KubeRay is optional and only required if you plan to use Ray as your distributed inference runtime (RayClusterFleet, RayClusterReplicaSet).

AIBrix can run without KubeRay - use StormService for both single-node and multi-node inference workloads. The distributed inference controller will be automatically skipped if KubeRay CRDs are not detected.

Stable Version

# Install component dependencies
kubectl apply -f https://github.com/vllm-project/aibrix/releases/download/v0.5.0/aibrix-dependency-v0.5.0.yaml --server-side
# Install aibrix components
kubectl apply -f https://github.com/vllm-project/aibrix/releases/download/v0.5.0/aibrix-core-v0.5.0.yaml

Stable Version Using Helm

Prerequisites

Envoy Gateway

# Install envoy-gateway, this is not aibrix component. you can also use helm package to install it.
helm install eg oci://docker.io/envoyproxy/gateway-helm --version v1.6.3 -n envoy-gateway-system --create-namespace

# patch the configuration to enable EnvoyPatchPolicy, this is super important!
kubectl apply -f - <<EOF
apiVersion: v1
kind: ConfigMap
metadata:
  name: envoy-gateway-config
  namespace: envoy-gateway-system
data:
  envoy-gateway.yaml: |
    apiVersion: gateway.envoyproxy.io/v1alpha1
    kind: EnvoyGateway
    provider:
      type: Kubernetes
    gateway:
      controllerName: gateway.envoyproxy.io/gatewayclass-controller
    extensionApis:
      enableEnvoyPatchPolicy: true
EOF

Note

If you are experiencing network issues with docker.io, you can install the helm chart from the code repo https://github.com/envoyproxy/gateway/tree/main/charts/gateway-helm instead.

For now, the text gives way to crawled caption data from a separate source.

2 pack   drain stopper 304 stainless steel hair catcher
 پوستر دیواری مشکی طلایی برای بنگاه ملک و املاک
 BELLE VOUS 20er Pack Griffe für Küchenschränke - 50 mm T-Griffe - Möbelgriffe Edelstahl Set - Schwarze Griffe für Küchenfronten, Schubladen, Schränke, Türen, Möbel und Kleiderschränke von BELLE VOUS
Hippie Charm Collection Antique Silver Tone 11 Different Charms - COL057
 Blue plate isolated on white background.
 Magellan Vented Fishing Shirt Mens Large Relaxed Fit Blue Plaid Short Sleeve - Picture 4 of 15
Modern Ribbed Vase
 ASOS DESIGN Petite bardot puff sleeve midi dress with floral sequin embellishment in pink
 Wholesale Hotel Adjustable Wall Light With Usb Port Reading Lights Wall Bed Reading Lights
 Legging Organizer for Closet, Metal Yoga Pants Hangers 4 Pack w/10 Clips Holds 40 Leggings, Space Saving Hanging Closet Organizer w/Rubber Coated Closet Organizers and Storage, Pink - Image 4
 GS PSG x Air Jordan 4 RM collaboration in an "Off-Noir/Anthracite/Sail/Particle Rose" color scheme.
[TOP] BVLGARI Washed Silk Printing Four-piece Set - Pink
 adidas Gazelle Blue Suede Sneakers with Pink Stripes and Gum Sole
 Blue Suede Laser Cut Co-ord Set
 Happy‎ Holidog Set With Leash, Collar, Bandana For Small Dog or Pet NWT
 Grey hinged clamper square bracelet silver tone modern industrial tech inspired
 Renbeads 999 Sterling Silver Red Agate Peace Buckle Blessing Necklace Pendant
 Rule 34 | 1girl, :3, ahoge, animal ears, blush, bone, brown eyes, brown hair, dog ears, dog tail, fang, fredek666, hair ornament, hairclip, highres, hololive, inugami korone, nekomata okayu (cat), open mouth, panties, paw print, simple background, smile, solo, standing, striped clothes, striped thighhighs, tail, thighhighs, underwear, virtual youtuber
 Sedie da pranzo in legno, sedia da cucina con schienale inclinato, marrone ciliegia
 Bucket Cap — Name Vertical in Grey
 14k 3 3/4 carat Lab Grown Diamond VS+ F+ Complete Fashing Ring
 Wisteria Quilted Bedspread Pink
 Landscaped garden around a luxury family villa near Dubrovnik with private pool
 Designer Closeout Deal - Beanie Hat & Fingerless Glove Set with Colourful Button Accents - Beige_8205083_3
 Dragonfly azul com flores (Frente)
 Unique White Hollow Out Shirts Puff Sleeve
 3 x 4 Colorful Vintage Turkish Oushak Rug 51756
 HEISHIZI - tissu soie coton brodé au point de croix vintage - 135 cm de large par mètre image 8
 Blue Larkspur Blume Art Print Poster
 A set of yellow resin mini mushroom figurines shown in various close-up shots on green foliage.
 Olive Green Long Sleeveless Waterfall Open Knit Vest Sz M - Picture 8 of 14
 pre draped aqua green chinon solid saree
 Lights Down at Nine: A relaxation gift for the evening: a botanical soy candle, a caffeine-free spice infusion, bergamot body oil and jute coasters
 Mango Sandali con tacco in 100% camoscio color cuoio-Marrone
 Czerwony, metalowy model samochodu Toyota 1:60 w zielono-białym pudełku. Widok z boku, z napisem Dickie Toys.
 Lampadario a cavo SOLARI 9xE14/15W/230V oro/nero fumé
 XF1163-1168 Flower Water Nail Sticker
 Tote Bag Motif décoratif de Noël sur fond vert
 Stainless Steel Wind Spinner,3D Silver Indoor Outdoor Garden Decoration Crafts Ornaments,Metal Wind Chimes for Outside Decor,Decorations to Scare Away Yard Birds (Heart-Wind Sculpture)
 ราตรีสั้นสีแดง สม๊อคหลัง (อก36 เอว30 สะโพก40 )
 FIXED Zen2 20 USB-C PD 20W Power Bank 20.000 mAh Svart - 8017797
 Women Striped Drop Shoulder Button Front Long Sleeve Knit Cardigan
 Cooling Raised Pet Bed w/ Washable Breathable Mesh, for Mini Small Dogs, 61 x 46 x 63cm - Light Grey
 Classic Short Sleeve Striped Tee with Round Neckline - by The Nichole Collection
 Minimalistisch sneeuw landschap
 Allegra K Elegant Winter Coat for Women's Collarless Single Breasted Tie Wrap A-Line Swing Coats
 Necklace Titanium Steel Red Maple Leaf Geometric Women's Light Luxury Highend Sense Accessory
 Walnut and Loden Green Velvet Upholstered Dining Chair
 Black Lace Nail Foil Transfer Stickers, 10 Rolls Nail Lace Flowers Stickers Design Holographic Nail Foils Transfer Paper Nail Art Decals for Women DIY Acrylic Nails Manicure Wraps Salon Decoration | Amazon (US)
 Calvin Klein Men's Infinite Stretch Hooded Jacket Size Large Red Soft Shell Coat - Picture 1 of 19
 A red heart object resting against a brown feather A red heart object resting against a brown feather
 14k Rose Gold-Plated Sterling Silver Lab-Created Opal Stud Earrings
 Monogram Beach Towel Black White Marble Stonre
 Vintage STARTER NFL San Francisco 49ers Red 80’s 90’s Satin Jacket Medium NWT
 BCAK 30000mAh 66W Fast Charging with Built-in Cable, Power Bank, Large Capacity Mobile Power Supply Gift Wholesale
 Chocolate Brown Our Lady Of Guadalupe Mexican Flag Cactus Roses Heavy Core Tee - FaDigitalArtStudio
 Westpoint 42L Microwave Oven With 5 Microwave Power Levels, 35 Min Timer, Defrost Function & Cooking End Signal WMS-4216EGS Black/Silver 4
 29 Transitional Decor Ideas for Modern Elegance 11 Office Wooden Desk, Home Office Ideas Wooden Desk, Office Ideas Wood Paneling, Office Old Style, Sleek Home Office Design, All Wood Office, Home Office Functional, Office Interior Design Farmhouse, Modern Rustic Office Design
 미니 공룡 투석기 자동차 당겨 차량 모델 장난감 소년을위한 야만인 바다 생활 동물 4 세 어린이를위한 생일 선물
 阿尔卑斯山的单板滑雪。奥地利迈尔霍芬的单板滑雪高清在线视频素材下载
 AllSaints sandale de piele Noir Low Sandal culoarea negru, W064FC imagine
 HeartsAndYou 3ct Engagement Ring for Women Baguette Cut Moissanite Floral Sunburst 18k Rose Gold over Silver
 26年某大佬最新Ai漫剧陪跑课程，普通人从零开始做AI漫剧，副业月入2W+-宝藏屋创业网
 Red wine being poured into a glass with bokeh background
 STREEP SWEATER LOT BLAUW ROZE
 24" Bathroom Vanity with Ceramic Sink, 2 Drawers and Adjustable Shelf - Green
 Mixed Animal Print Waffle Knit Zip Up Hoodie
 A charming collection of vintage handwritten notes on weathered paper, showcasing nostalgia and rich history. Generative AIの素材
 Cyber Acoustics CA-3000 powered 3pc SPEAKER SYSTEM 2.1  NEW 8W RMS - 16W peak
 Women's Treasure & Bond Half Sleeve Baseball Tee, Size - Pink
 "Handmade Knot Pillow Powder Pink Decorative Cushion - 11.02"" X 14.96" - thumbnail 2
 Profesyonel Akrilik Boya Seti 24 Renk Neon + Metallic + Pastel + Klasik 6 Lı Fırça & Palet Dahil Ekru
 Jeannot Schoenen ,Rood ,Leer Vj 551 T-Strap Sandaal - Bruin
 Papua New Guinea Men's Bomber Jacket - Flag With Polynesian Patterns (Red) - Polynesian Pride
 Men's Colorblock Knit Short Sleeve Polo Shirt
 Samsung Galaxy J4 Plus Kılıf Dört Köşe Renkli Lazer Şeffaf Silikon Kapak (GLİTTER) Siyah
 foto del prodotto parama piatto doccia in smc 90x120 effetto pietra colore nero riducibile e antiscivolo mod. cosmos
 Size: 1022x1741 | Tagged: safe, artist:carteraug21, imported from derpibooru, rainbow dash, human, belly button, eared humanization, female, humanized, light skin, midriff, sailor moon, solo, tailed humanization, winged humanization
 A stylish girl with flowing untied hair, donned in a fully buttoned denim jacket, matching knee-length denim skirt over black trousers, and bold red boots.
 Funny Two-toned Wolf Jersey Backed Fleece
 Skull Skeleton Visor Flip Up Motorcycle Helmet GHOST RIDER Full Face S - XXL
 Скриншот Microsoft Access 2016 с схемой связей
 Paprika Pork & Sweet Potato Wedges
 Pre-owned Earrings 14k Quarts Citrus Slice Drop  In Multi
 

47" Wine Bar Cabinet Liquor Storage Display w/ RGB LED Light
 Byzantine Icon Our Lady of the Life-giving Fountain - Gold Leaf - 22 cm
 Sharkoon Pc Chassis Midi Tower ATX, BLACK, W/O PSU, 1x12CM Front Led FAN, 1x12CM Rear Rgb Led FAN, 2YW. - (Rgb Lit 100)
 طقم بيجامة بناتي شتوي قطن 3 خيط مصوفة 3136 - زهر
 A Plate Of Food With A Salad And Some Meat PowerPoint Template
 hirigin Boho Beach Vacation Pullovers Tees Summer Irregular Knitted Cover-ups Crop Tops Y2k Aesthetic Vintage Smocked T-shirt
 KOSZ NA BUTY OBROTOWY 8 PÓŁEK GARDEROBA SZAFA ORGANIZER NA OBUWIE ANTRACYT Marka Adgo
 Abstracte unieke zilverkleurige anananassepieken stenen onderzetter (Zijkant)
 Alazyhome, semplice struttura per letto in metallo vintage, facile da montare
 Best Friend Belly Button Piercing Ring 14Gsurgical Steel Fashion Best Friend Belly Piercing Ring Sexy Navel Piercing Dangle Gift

KubeRay operator (Optional)

Note

Skip this step if you don't need Ray-based distributed inference. AIBrix will work without KubeRay for StormService-based workloads.

# Install KubeRay operator (only if you need RayClusterFleet/RayClusterReplicaSet)
helm repo add kuberay https://ray-project.github.io/kuberay-helm/
helm repo update
helm install kuberay-operator kuberay/kuberay-operator --namespace aibrix-system \
--create-namespace \
--version 1.2.1 \
--set-string 'env[0].name=ENABLE_PROBES_INJECTION' \
--set-string 'env[0].value=false' \
--set fullnameOverride=kuberay-operator \
--set 'featureGates[0].name=RayClusterStatusConditions' \
--set 'featureGates[0].enabled=true' \
--set image.repository=aibrix/kuberay-operator \
--set image.tag=v1.2.1-patch-20250726

Install AIBrix with Helm

# Install AIBrix CRDs. `--install-crds` is not available in local chart installation.
kubectl apply -f dist/chart/crds/
# Install AIBrix with the pinned release version:
helm install aibrix dist/chart -f dist/chart/stable.yaml -n aibrix-system --create-namespace

Upgrade AIBrix with Helm

helm upgrade aibrix dist/chart -f dist/chart/values.yaml -n aibrix-system

Uninstall AIBrix with Helm

helm uninstall aibrix -n aibrix-system
helm uninstall kuberay-operator -n aibrix-system
helm uninstall eg -n envoy-gateway-system

Nightly Version

# clone the latest repo
git clone https://github.com/vllm-project/aibrix.git
cd aibrix
# Install component dependencies
kubectl apply -k config/dependency --server-side
kubectl apply -k config/default

Install AIBrix in testing Environments

.. toctree::
   :maxdepth: 1
   :caption: Getting Started

   lambda.rst
   mac-for-desktop.rst
   aws.rst
   gcp.rst
   vke.rst


Install Individual AIBrix Components

Autoscaler

kubectl apply -k config/standalone/autoscaler-controller/

Distributed Inference (Ray-based)

Attention!

This requires KubeRay operator to be installed first.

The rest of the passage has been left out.